Even Dad tackled that challenge and made it his privilege. The rest of the story goes like this: Dad opened the doors of our house to a lady who was running from a husband who beat her. She was black and blue and had nowhere else to go. We knew who the guy was, and he knew where his wife was. So here comes his truck roaring up to the house. Out steps this big, hulking ogre of a man, and he shouts, “Where is she?” And Dad says through the screen door, at the same time he’s locking it, “You’re not getting in this house.” Not even faltering in his voice, he says, “You’re not getting in this house.” The ogre-man starts toward the door bellowing, “She’s my wife, and I’m takin’ her!” But Dad, all five-nine and a-hundred-fifty-pounds of him, stands his ground and states with cold composure, “The police are coming. I suggest you leave.” Still the guy keeps coming. That’s when Dad reaches into the front closet and grabs a shotgun, the one he had to borrow from Uncle Jimmy. And although he probably couldn’t work the thing even if the safety were off and there were a shell in the chamber, he holds that shotgun up and says, “You’re not getting in this house, so I suggest you leave.” Meanwhile, there I am, peeking out from behind him, two arms around his legs, thinking, “Yeah! You get on outta here or my dad’s gonna get you!”

“The Lord is with me as a mighty terrible one,” wrote the prophet Jeremiah, “like a dread champion.” This is the God who is on your side, the One who can destroy both soul and body in hell. This is the God who is on your side, the One who is fearsome enough to trust in. This is the God who is on your side, the God who would send His Son into the crossfire of our fallen, sinful world when He was nothing more than a baby. This is the God who is on your side, the God who would fasten His Son Jesus to a cross naked and use Him as a human shield to withstand all the flaming arrows of fury that were rightfully meant for you. This is the God who is on your side, the God who would simmer for three days and then get up and shake off that fatal blow, the God who would march fighting mad into hell and let those devils know who’s boss, the God who would plant one foot on earth and one foot in heaven and stand there, all resurrected and invincible, like the Colossus of Rhodes. And to anyone or anything that even thinks of threatening His people, He says like David to Goliath, “You come against me with sword and spear and javelin, but I come against you in the name of the Lord Almighty, in the name of the Father and of the Son and of the Holy Spirit, whom you have defied. This day he will hand you over to me, and the whole world will know that there is God in this place.”

“The Lord is with me as a mighty terrible one.” Be afraid. Be very afraid. He doesn’t hesitate to hold your head under water until that traitorous sinful self of yours coughs up all its sins and evil desires and dies.
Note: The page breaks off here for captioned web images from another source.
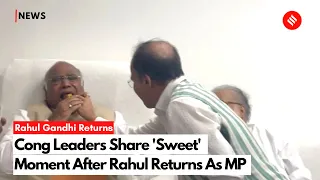 Rahul Gandhi News: After Rahul Gandhi Returns In Lok Sabha, Congress Leaders Share Sweets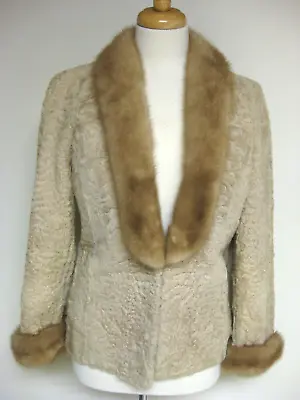 New Borello Italy Blond Persian Lamb Mink Fur Collar Cuffs Blazer Jacket Coat • $425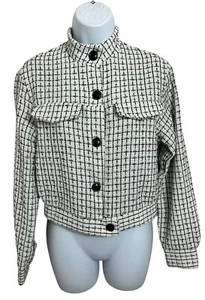 Chaqueta de tweed a cuadros Shein Essence talla pequeña negra blanca con botones cuello delantero - Imagen 1 de 6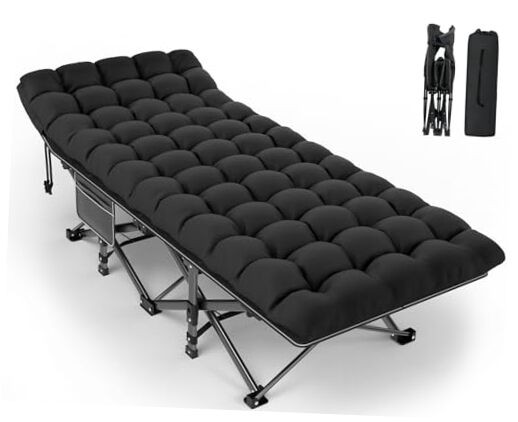 Camping Cot for Adults, Heavy Black Frame + Black Cushion Basic - 75x28x15"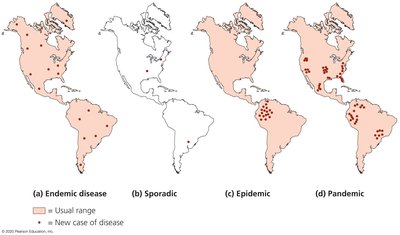 Maps showing endemic, sporadic, epidemic, and pandemic disease patterns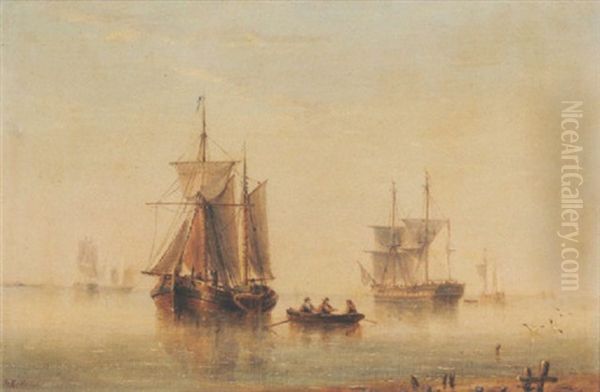 Shipping In Calm Seas Oil Painting by Henry Redmore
God doesn’t hesitate to make you eat His body and blood until you are endowed with its courage and strength, the strength of the Lion of Judah. He doesn’t hesitate to sound forth His strong Word though there be none who listen, though there be none who believe, though there be heaven and earth standing between you and Him.
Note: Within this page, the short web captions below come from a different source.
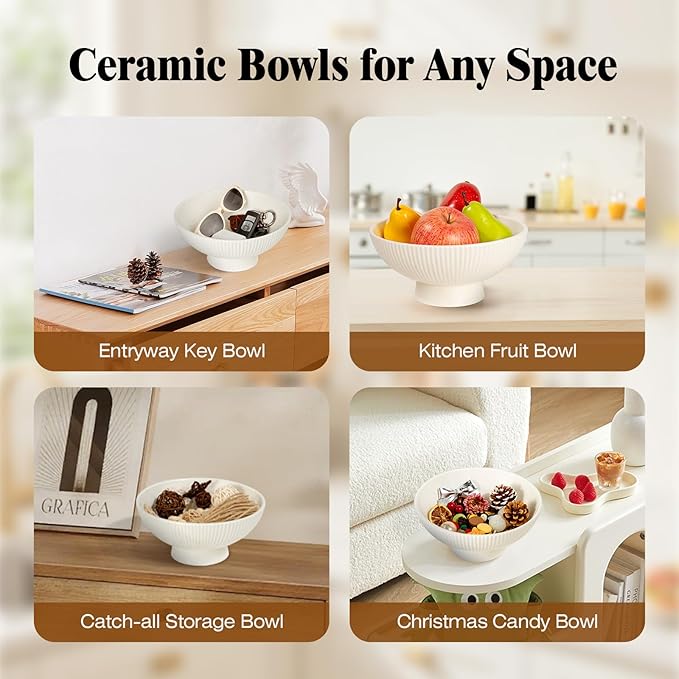 Decorative Bowl Modern Ceramic White Decor Bowls for Home Decor, Fruit Bowl for Kitchen Counter Key Bowl for Entryway Table, 8" Pedestal Footed Bowls Decorative Trays for Coffee Table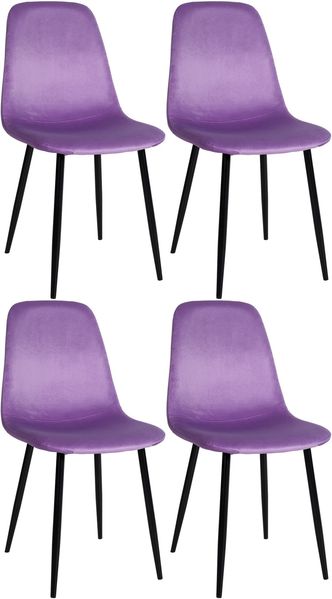 Esszimmerstühle 4er Set MOVI - Lila Samt, Metall 88x44x51cm Strapazierfähiger & pflegeleichter Bezug Esszimmerstuhl Stuhl Esszimmer Küchenstühle Wohnzimmerstühle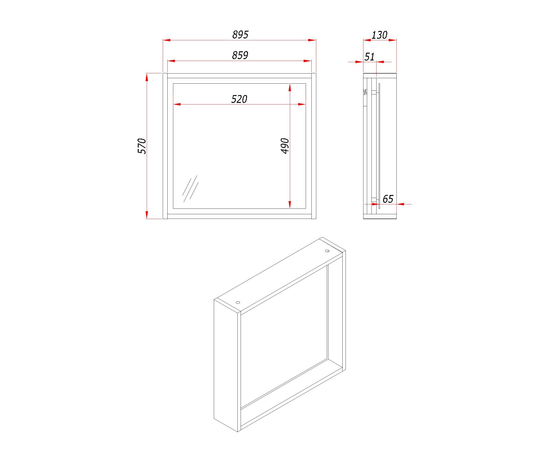 Зеркало  для ванной комнаты ЗОВ Парма Аттик 90 Зеркало  для ванной комнаты ЗОВ Парма Аттик 90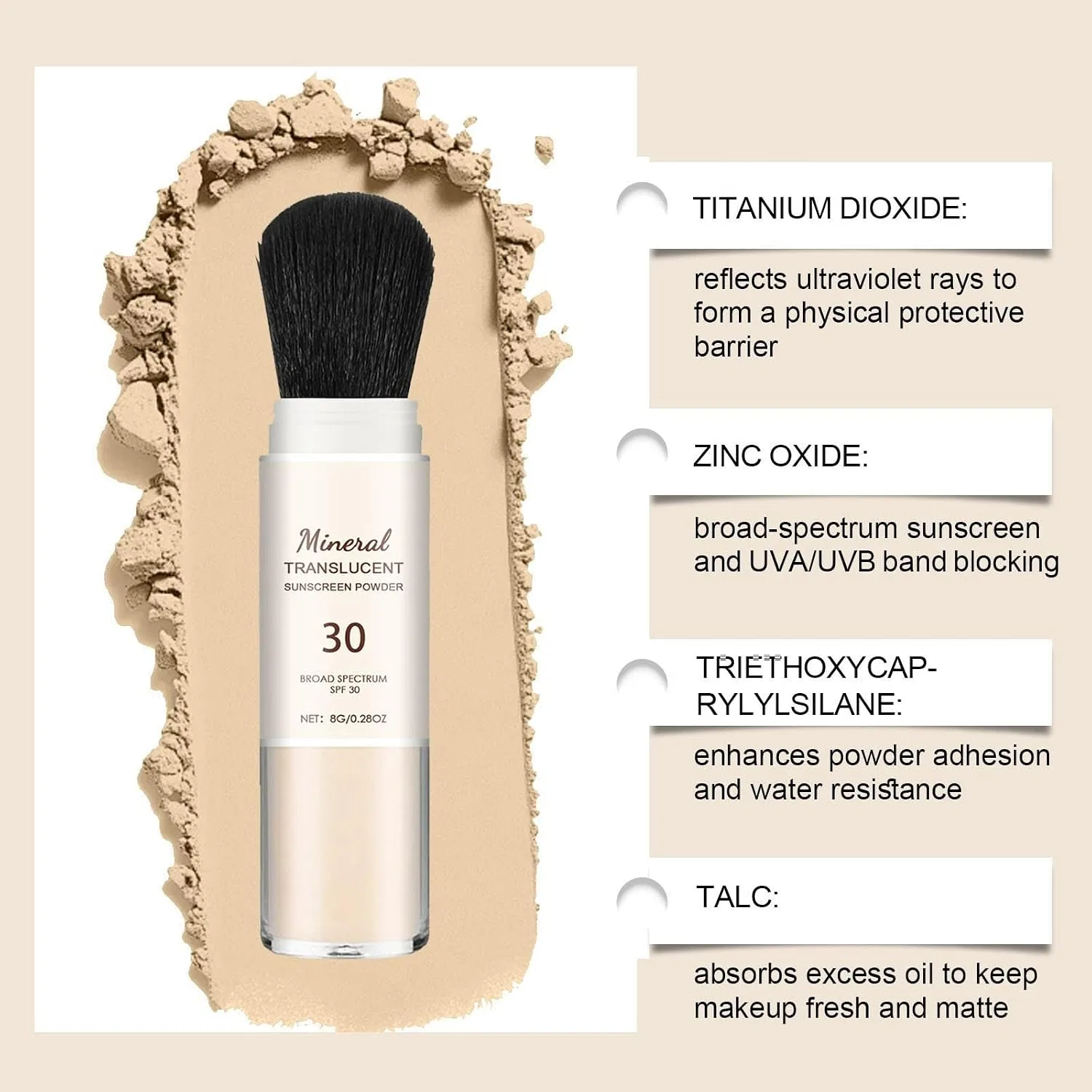 Минеральная солнцезащитная пудра SPF 30, BAInuai, 8g — фото 4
But I see our time is just about up. You have visitors waiting outside for you. A fellow by the name of Cancer is knocking down the door, and Loneliness and Frailty are there too, along with a couple of bruisers called Persecution and Death. They’re all licking their chops and rubbing their hands and itching to have a go at you the way they did Jesus. What shall I tell them? May I tell them you’re ready to see them? “Don’t be frightened of those who kill the body but cannot kill the soul. Rather, be afraid—be very afraid—of the One” —capital “O” —“who can destroy both soul and body in hell.”